= Solar thermal rocket =

Theoretical spacecraft propulsion system

A solar thermal rocket is a theoretical spacecraft propulsion system that would make use of solar power to directly heat reaction mass, and therefore would not require an electrical generator, like most other forms of solar-powered propulsion do. The rocket would only have to carry the means of capturing solar energy, such as concentrators and mirrors. The heated propellant would be fed through a conventional rocket nozzle to produce thrust. Its engine thrust would be directly related to the surface area of the solar collector and to the local intensity of the solar radiation.

In the shorter term, solar thermal propulsion has been proposed both for longer-life, lower-cost, more efficient use of the Sun and more-flexible cryogenic upper stage launch vehicles and for on-orbit propellant depots. Solar thermal propulsion is also a good candidate for use in reusable inter-orbital tugs, as it is a high-efficiency low-thrust system that can be refuelled with relative ease.

==Solar-thermal design concepts==

There are two solar thermal propulsion concepts, differing primarily in the method by which they use solar power to heat up the propellant:
- Indirect solar heating involves pumping the propellant through passages in a heat exchanger that is heated by solar radiation. The windowless heat exchanger cavity concept is a design taking this radiation absorption approach.
- Direct solar heating involves exposing the propellant directly to solar radiation. The rotating bed concept is one of the preferred concepts for direct solar radiation absorption; it offers higher specific impulse than other direct heating designs by using a retained seed (tantalum carbide or hafnium carbide) approach. The propellant flows through the porous walls of a rotating cylinder, picking up heat from the seeds, which are retained on the walls by the rotation. The carbides are stable at high temperatures and have excellent heat transfer properties.

Due to limitations in the temperature that heat exchanger materials can withstand (approximately 2800 K), the indirect absorption designs cannot achieve specific impulses beyond 900 seconds (900 s·ɡ_{0} = 8.8 km/s) (or up to 1000 seconds, see below).

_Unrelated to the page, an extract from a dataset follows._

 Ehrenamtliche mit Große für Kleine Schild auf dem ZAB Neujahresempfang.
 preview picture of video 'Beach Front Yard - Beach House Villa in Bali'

The direct absorption designs allow higher propellant temperatures and therefore higher specific impulses, approaching 1200 seconds. Even the lower specific impulse represents a significant increase over that of conventional chemical rockets, however, an increase that can provide substantial payload gains (45 percent for a LEO-to-GEO mission) at the expense of increased trip time (14 days compared to 10 hours).

Small-scale hardware has been designed and fabricated for the Air Force Rocket Propulsion Laboratory (AFRPL) for ground test evaluation. Systems with 10 to 100 N of thrust have been investigated by SART.

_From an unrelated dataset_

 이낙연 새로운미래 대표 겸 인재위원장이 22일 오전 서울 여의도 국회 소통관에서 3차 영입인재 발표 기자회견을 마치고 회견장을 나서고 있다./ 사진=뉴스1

Reusable Orbital Transfer Vehicles (OTV), sometimes called (inter-orbital) space tugs, propelled by solar thermal rockets have been proposed. The concentrators on solar thermal tugs are less susceptible to radiation in the Van Allen belts than the solar arrays of solar electric OTV.

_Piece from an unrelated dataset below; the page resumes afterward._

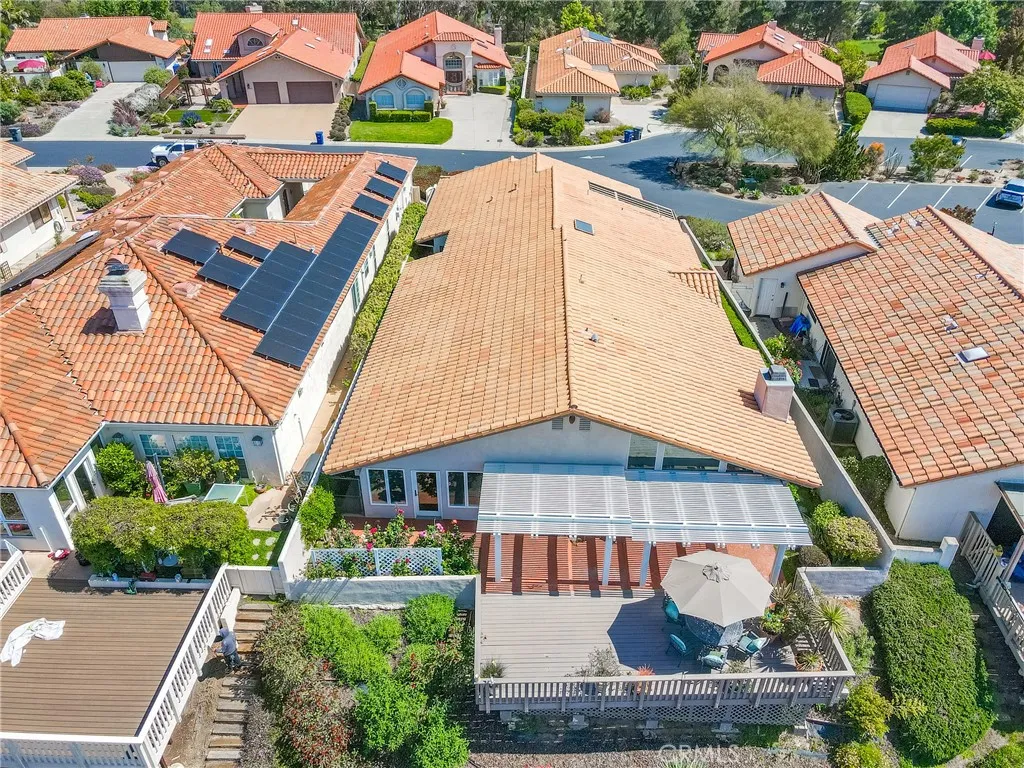 https://cdn.realtyfeed.com/cdn/127/306429592/420bfc470789440618357b6af7aec2f9.webp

An initial proof of concept was demonstrated in 2020 with helium at the Johns Hopkins University Applied Physics Laboratory solar simulator.

==Propellants==

Most proposed designs for solar thermal rockets use hydrogen as their propellant due to its low molecular weight which gives excellent specific impulse of up to 1000 seconds (10 kN·s/kg) using heat exchangers made of rhenium.

Conventional thought has been that hydrogen—although it gives excellent specific impulse—is not space storable. Design work in the early 2010s has developed an approach to substantially reduce hydrogen boiloff, and to economically utilize the small remaining boiloff product for requisite in-space tasks, essentially achieving zero boil off (ZBO) from a practical point of view.

Other substances could also be used. Water gives quite poor performance of 190 seconds (1.9 kN·s/kg), but requires only simple equipment to purify and handle, and is space storable and this has very seriously been proposed for interplanetary use, using in-situ resources.

Ammonia has been proposed as a propellant. It offers higher specific impulse than water, but is easily storable, with a freezing point of −77 °C and a boiling point of −33.34 °C.

A solar-thermal propulsion architecture outperforms architectures involving electrolysis and liquification of hydrogen from water by more than an order of magnitude, since electrolysis requires heavy power generators, whereas distillation only requires a simple and compact heat source (either nuclear or solar); so the propellant production rate is correspondingly far higher for any given initial mass of equipment. However its use does rely on having clear ideas of the location of water ice in the Solar System, particularly on lunar and asteroidal bodies, and such information is not known, other than that the bodies within the asteroid belt and further from the Sun are expected to be rich in water ice.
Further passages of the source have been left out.